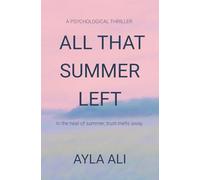 All That Summer Left: In the heat of summer, trust melts away. (The golden five thrillers)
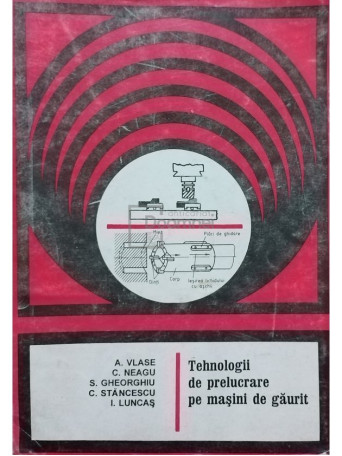 Tehnologii de prelucrare pe masini de gaurit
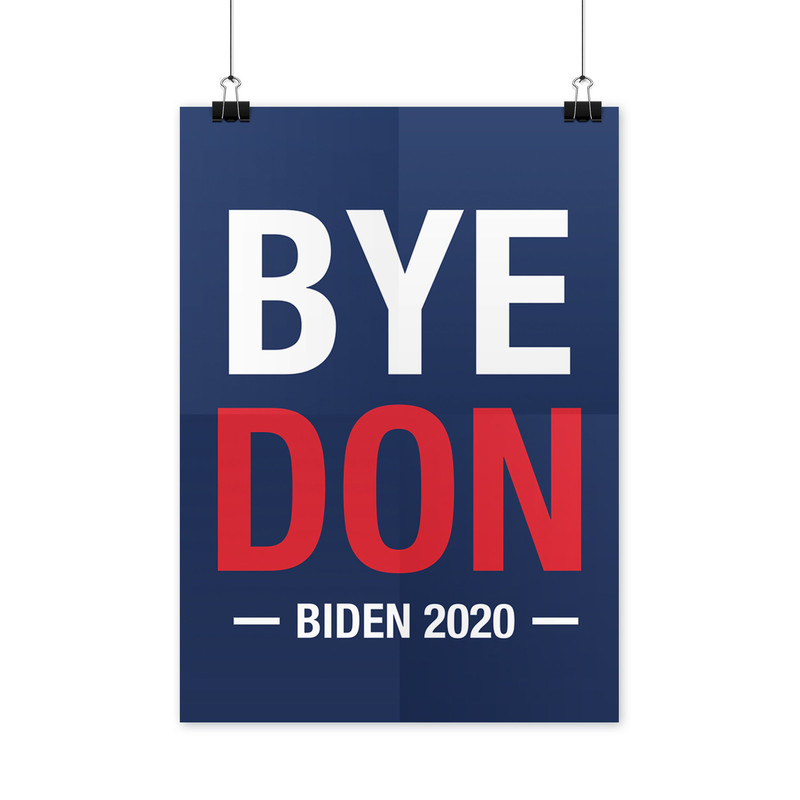 Byedon Bye Don Biden Harris Poster Byedon Poster 2020 Election.jpg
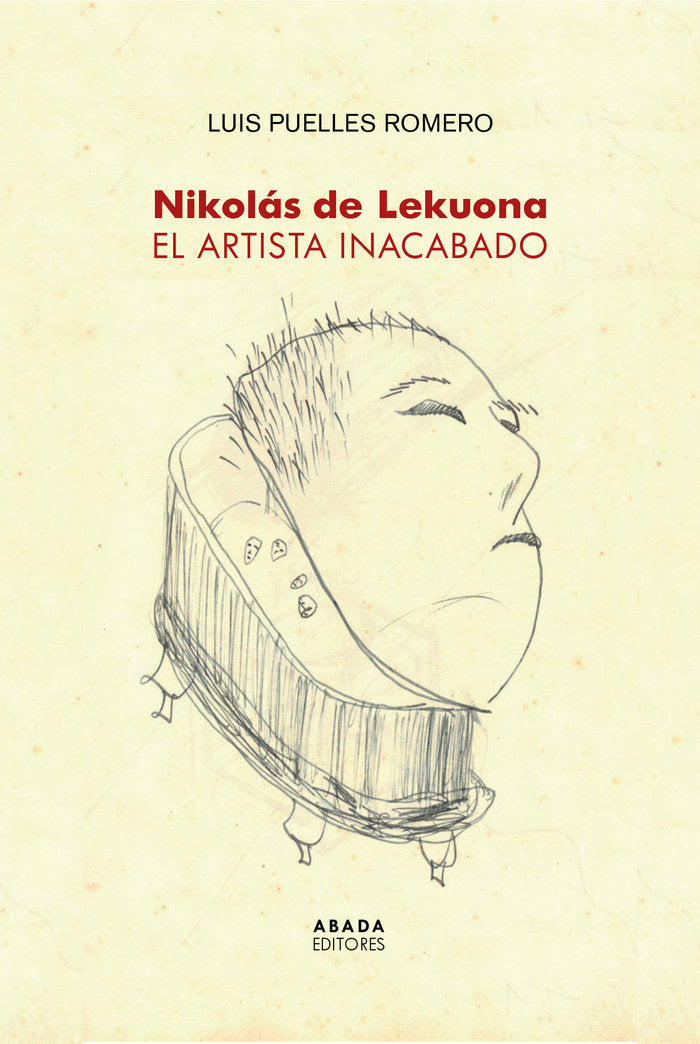 NICOLAS DE LEKUONA EL ARTISTA INACABADO, de PUELLES ROMERO, LUIS | portada del libro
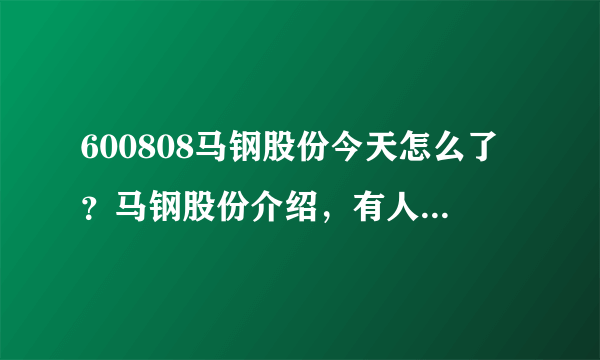 600808马钢股份今天怎么了？马钢股份介绍，有人说下吗？马钢股份的股票每年有分红吗？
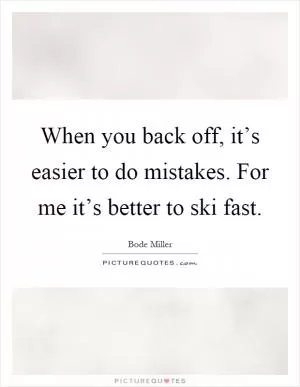 When you back off, it’s easier to do mistakes. For me it’s better to ski fast Picture Quote #1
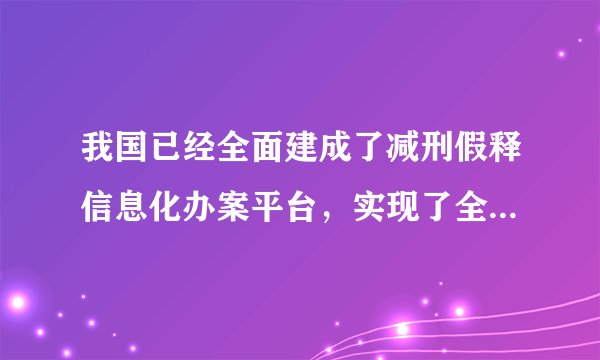 我国已经全面建成了减刑假释信息化办案平台，实现了全国各相关法院、检察院、刑罚执行机关，减刑假释案件网上报送、网上审理、网上监督。这一举措意在（　　）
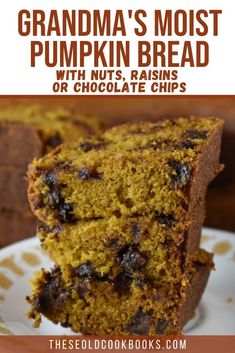 a close up of a piece of cake on a plate with the words grandma's most pumpkin bread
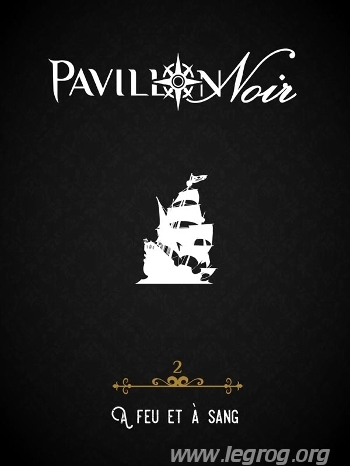 Couverture de Pavillon Noir : A Feu et à Sang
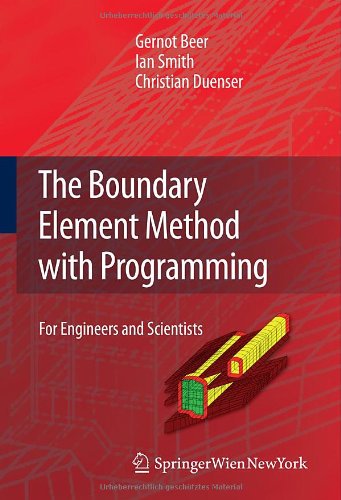 The Boundary Element Method With Programming For Engineers And Scientists 1st Edition Gernot Beer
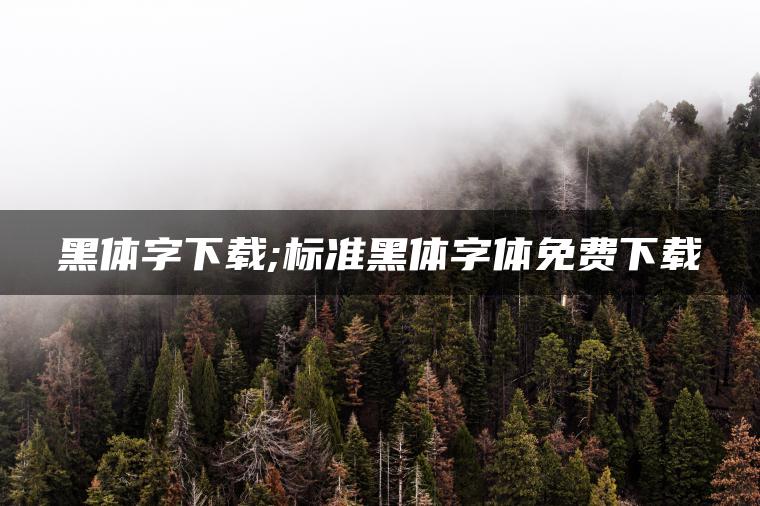 黑体字下载;标准黑体字体免费下载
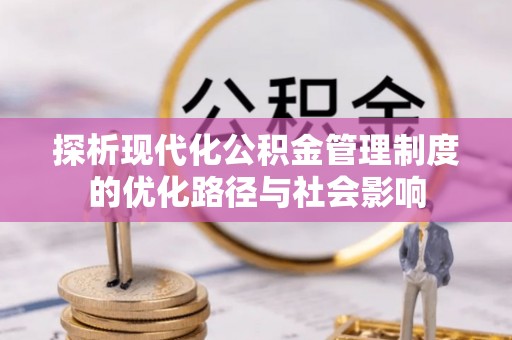 万华探析现代化公积金管理制度的优化路径与社会影响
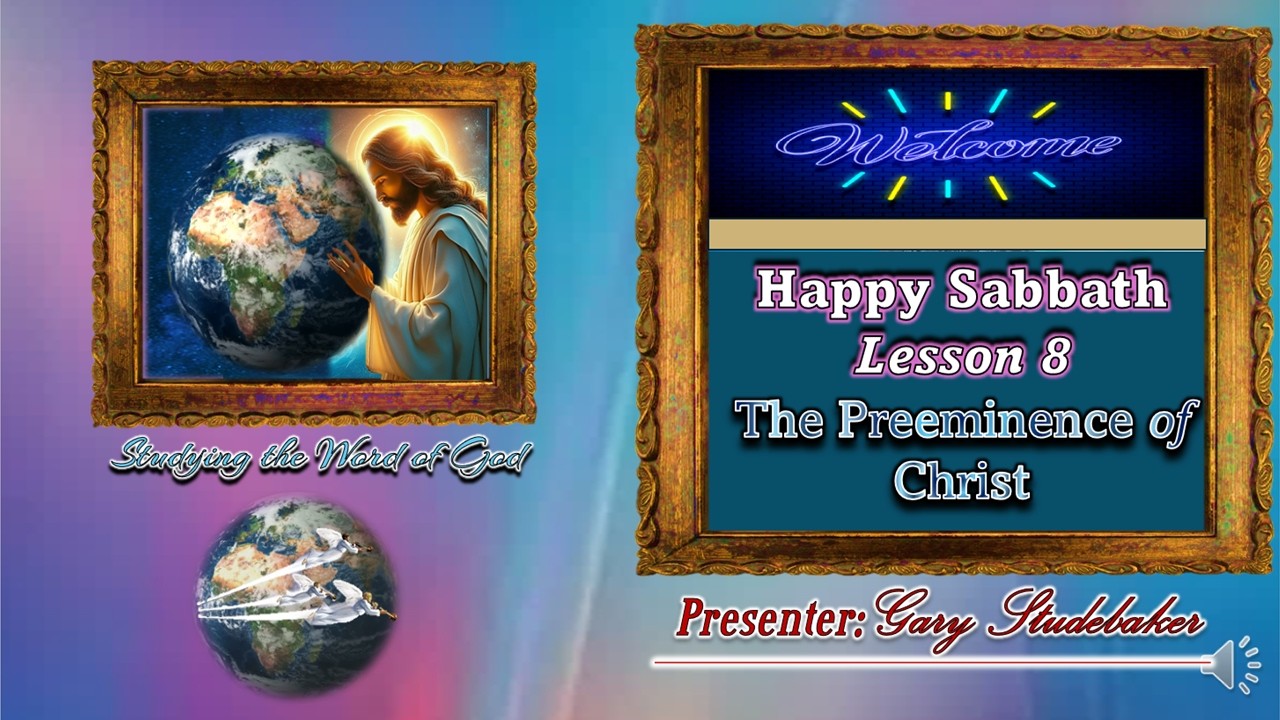 The Preeminence of Christ   Lesson 8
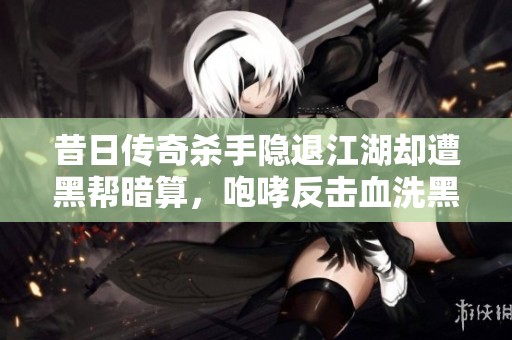 昔日传奇杀手隐退江湖却遭黑帮暗算，咆哮反击血洗黑帮现场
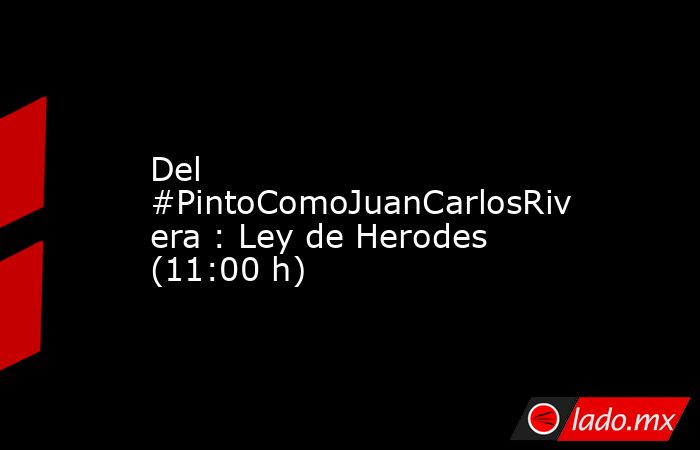 Del #PintoComoJuanCarlosRivera : Ley de Herodes (11:00 h). Noticias en tiempo real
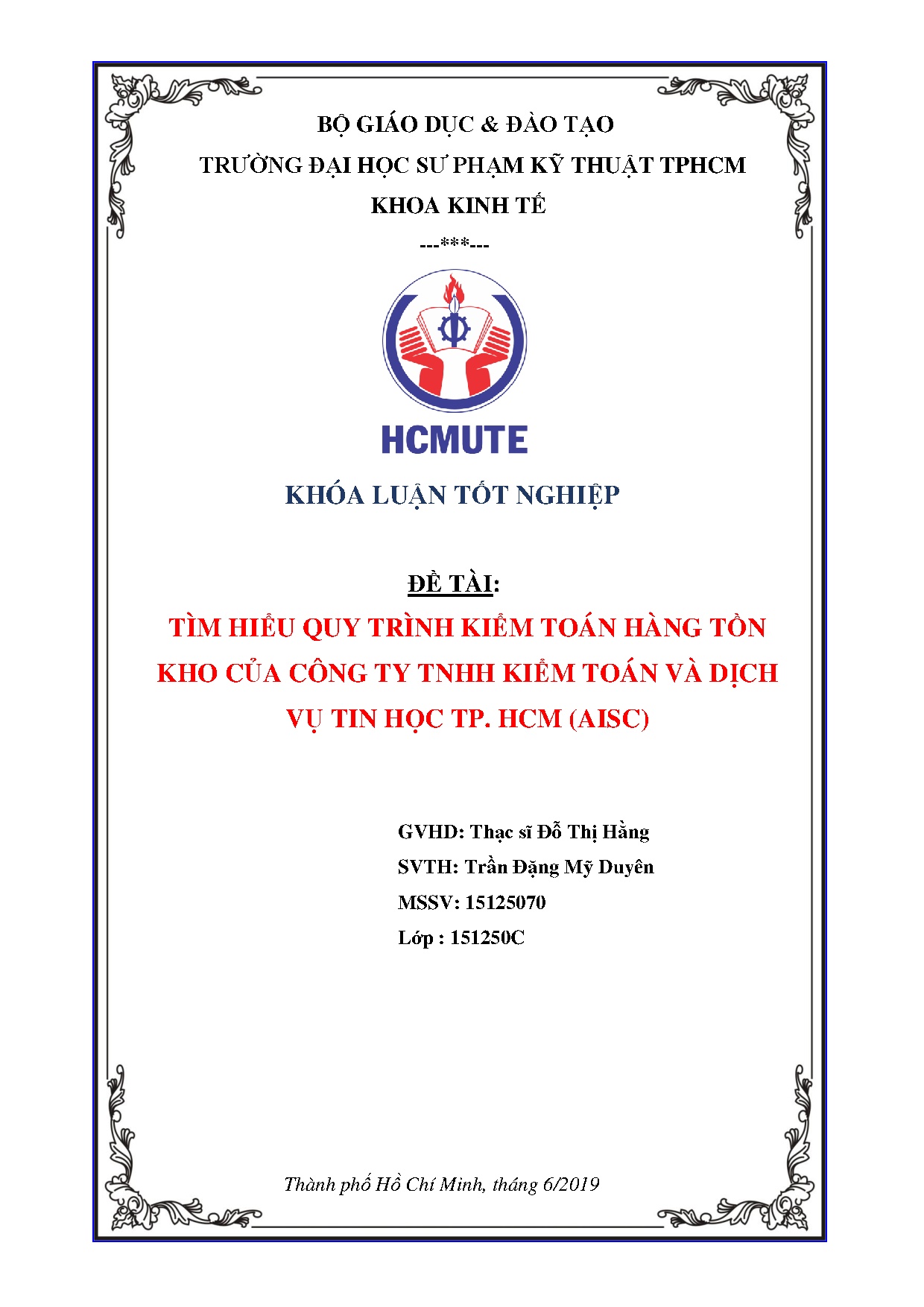 Đồ án tốt nghiệp - Tìm hiểu quy trình kiểm toán hàng tồn kho của công ty TNHH kiểm toán và dịch VTHT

===

== Description of the task ==
From the first line of the listing above, repeat every line through the one holding "万华探析现代化公积金管理制度的优化路径与社会影响". Both ends count, and pictures stay out.

== Solved problem ==
 All That Summer Left: In the heat of summer, trust melts away. (The golden five thrillers)
 Tehnologii de prelucrare pe masini de gaurit
 Byedon Bye Don Biden Harris Poster Byedon Poster 2020 Election.jpg
 NICOLAS DE LEKUONA EL ARTISTA INACABADO, de PUELLES ROMERO, LUIS | portada del libro
 600808马钢股份今天怎么了？马钢股份介绍，有人说下吗？马钢股份的股票每年有分红吗？
 When you back off, it’s easier to do mistakes. For me it’s better to ski fast Picture Quote #1
 我国已经全面建成了减刑假释信息化办案平台，实现了全国各相关法院、检察院、刑罚执行机关，减刑假释案件网上报送、网上审理、网上监督。这一举措意在（　　）
 a close up of a piece of cake on a plate with the words grandma's most pumpkin bread
 Couverture de Pavillon Noir : A Feu et à Sang
 The Boundary Element Method With Programming For Engineers And Scientists 1st Edition Gernot Beer
 黑体字下载;标准黑体字体免费下载
 万华探析现代化公积金管理制度的优化路径与社会影响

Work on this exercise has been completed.